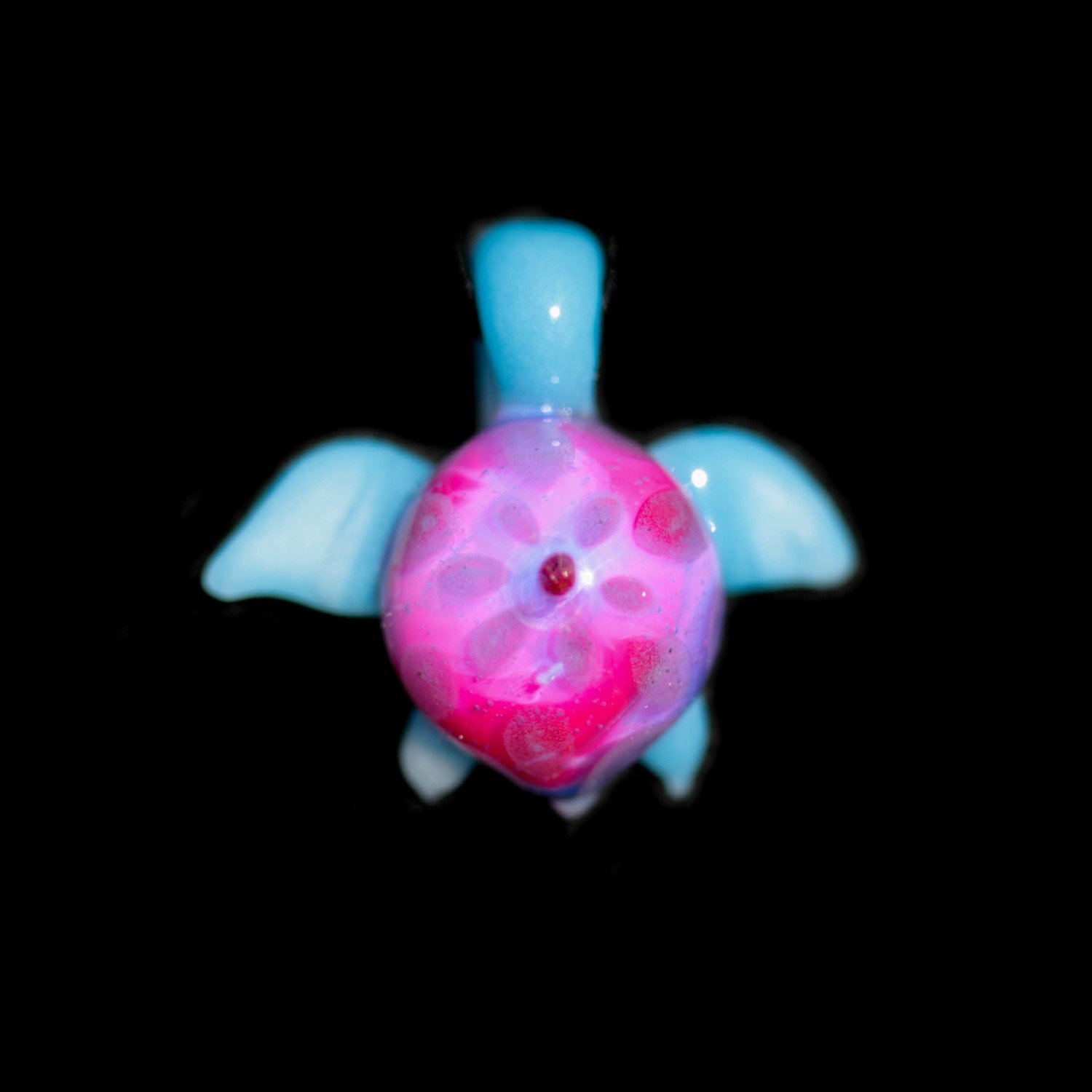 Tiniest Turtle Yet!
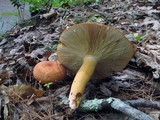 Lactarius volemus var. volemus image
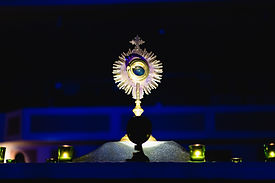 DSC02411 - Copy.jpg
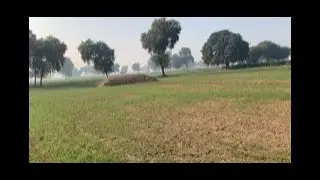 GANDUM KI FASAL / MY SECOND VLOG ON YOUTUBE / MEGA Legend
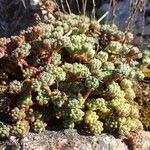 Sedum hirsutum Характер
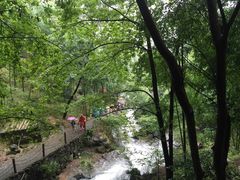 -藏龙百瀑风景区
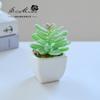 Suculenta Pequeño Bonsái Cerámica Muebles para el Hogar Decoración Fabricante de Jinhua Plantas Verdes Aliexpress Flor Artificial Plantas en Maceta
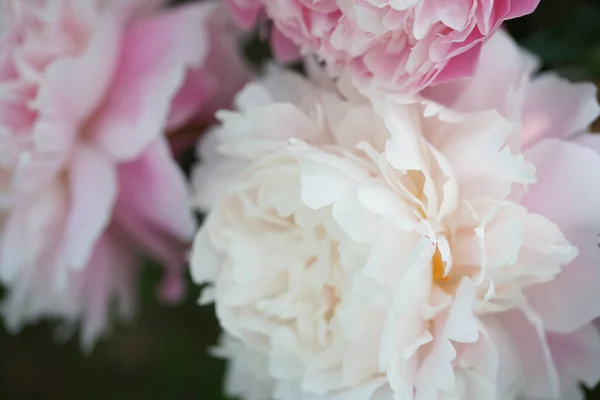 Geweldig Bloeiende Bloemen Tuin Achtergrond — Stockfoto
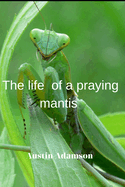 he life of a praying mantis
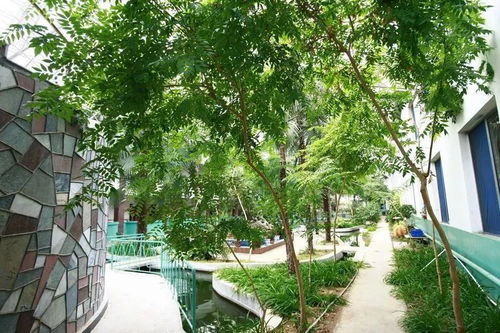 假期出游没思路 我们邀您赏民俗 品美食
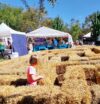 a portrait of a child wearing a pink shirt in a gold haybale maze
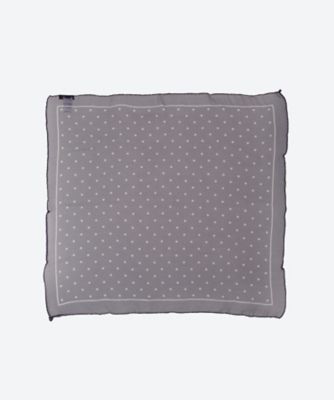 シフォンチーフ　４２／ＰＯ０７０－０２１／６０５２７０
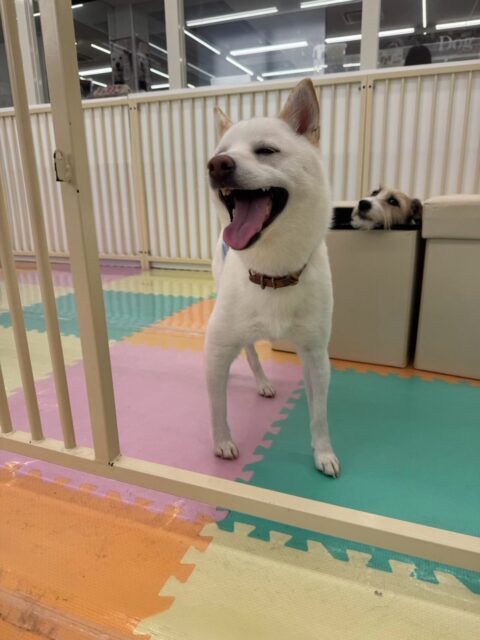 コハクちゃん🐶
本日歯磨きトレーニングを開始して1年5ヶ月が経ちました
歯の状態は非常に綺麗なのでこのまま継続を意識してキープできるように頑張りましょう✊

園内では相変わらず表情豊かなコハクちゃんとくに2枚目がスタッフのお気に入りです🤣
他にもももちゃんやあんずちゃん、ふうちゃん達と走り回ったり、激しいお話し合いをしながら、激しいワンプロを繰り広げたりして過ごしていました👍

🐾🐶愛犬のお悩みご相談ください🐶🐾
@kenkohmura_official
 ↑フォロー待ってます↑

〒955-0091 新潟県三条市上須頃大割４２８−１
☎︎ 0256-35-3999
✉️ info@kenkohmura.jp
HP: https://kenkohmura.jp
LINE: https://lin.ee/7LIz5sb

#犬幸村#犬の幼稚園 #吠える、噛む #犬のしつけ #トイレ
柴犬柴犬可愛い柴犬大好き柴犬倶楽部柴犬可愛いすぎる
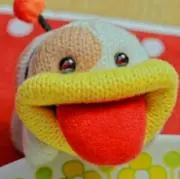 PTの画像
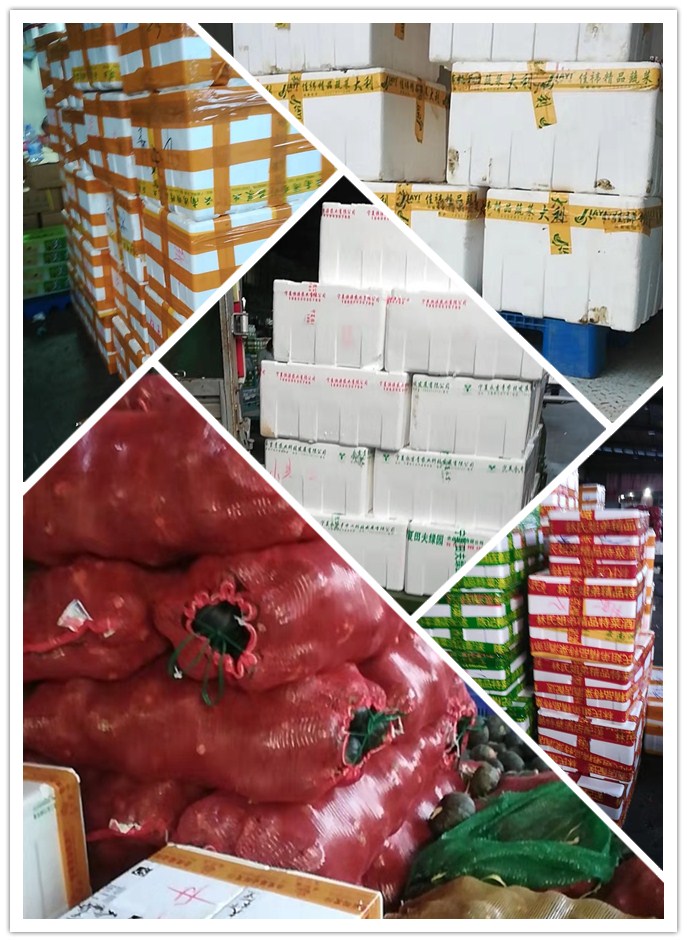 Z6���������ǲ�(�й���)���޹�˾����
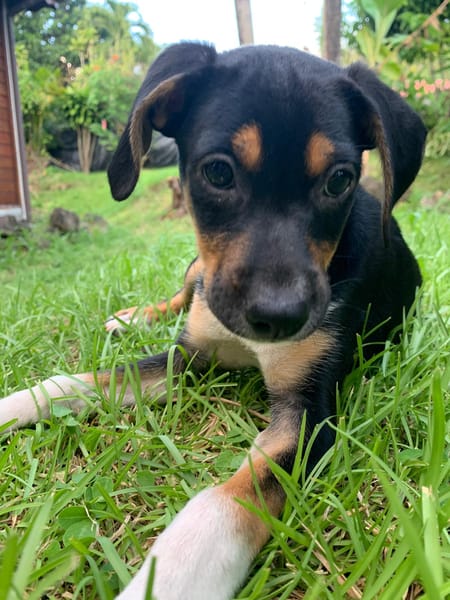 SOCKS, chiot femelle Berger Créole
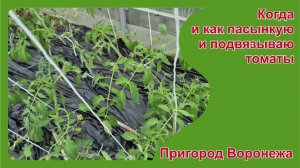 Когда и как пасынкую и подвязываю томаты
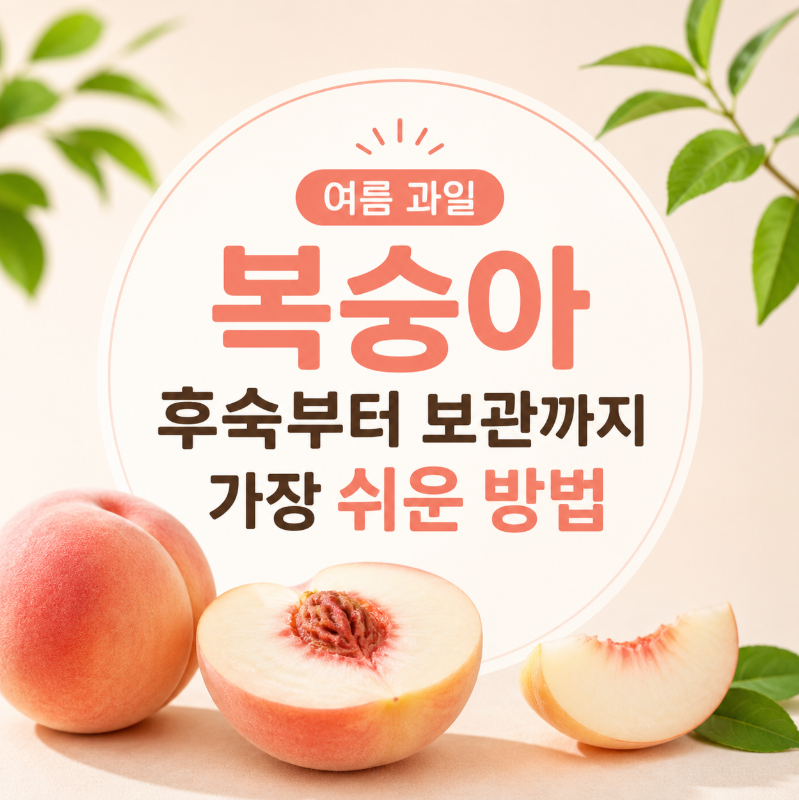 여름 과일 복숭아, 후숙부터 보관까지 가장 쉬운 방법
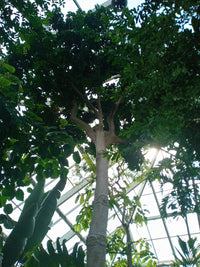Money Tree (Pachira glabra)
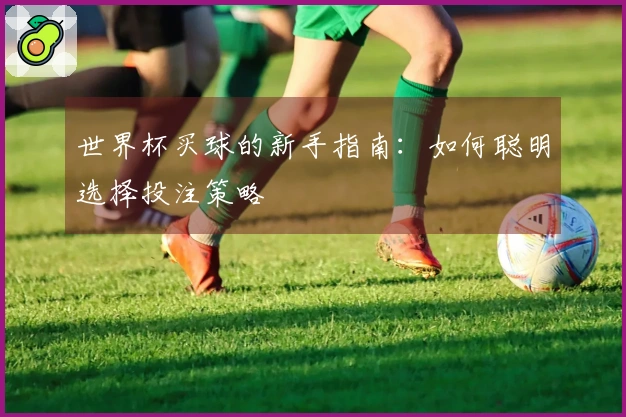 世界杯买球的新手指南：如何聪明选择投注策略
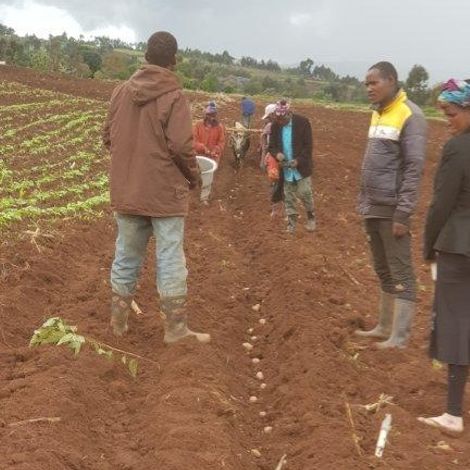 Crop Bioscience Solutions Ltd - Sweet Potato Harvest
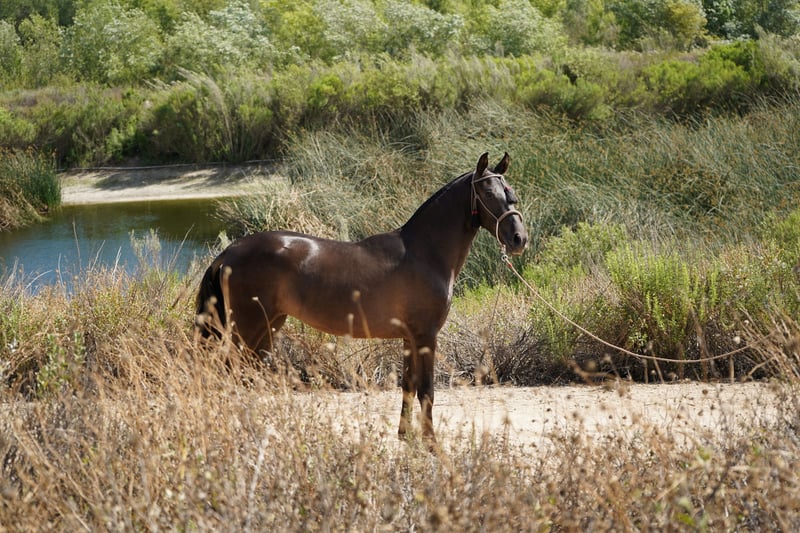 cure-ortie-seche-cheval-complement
....................
#### [Problem to solve]
Only the pictures stay behind; everything else in the data above is to be retyped exactly.

#### [Written answer]
 Tiniest Turtle Yet!
 Lactarius volemus var. volemus image
 DSC02411 - Copy.jpg
 GANDUM KI FASAL / MY SECOND VLOG ON YOUTUBE / MEGA Legend
 Sedum hirsutum Характер
 -藏龙百瀑风景区
 Suculenta Pequeño Bonsái Cerámica Muebles para el Hogar Decoración Fabricante de Jinhua Plantas Verdes Aliexpress Flor Artificial Plantas en Maceta
 Geweldig Bloeiende Bloemen Tuin Achtergrond — Stockfoto
 he life of a praying mantis
 假期出游没思路 我们邀您赏民俗 品美食
 a portrait of a child wearing a pink shirt in a gold haybale maze
 シフォンチーフ　４２／ＰＯ０７０－０２１／６０５２７０
 コハクちゃん🐶
本日歯磨きトレーニングを開始して1年5ヶ月が経ちました
歯の状態は非常に綺麗なのでこのまま継続を意識してキープできるように頑張りましょう✊

園内では相変わらず表情豊かなコハクちゃんとくに2枚目がスタッフのお気に入りです🤣
他にもももちゃんやあんずちゃん、ふうちゃん達と走り回ったり、激しいお話し合いをしながら、激しいワンプロを繰り広げたりして過ごしていました👍

🐾🐶愛犬のお悩みご相談ください🐶🐾
@kenkohmura_official
 ↑フォロー待ってます↑

〒955-0091 新潟県三条市上須頃大割４２８−１
☎︎ 0256-35-3999
✉️ info@kenkohmura.jp
HP: https://kenkohmura.jp
LINE: https://lin.ee/7LIz5sb

#犬幸村#犬の幼稚園 #吠える、噛む #犬のしつけ #トイレ
柴犬柴犬可愛い柴犬大好き柴犬倶楽部柴犬可愛いすぎる
 PTの画像
 Z6���������ǲ�(�й���)���޹�˾����
 SOCKS, chiot femelle Berger Créole
 Когда и как пасынкую и подвязываю томаты
 여름 과일 복숭아, 후숙부터 보관까지 가장 쉬운 방법
Money Tree (Pachira glabra)
 世界杯买球的新手指南：如何聪明选择投注策略
 Crop Bioscience Solutions Ltd - Sweet Potato Harvest
 cure-ortie-seche-cheval-complement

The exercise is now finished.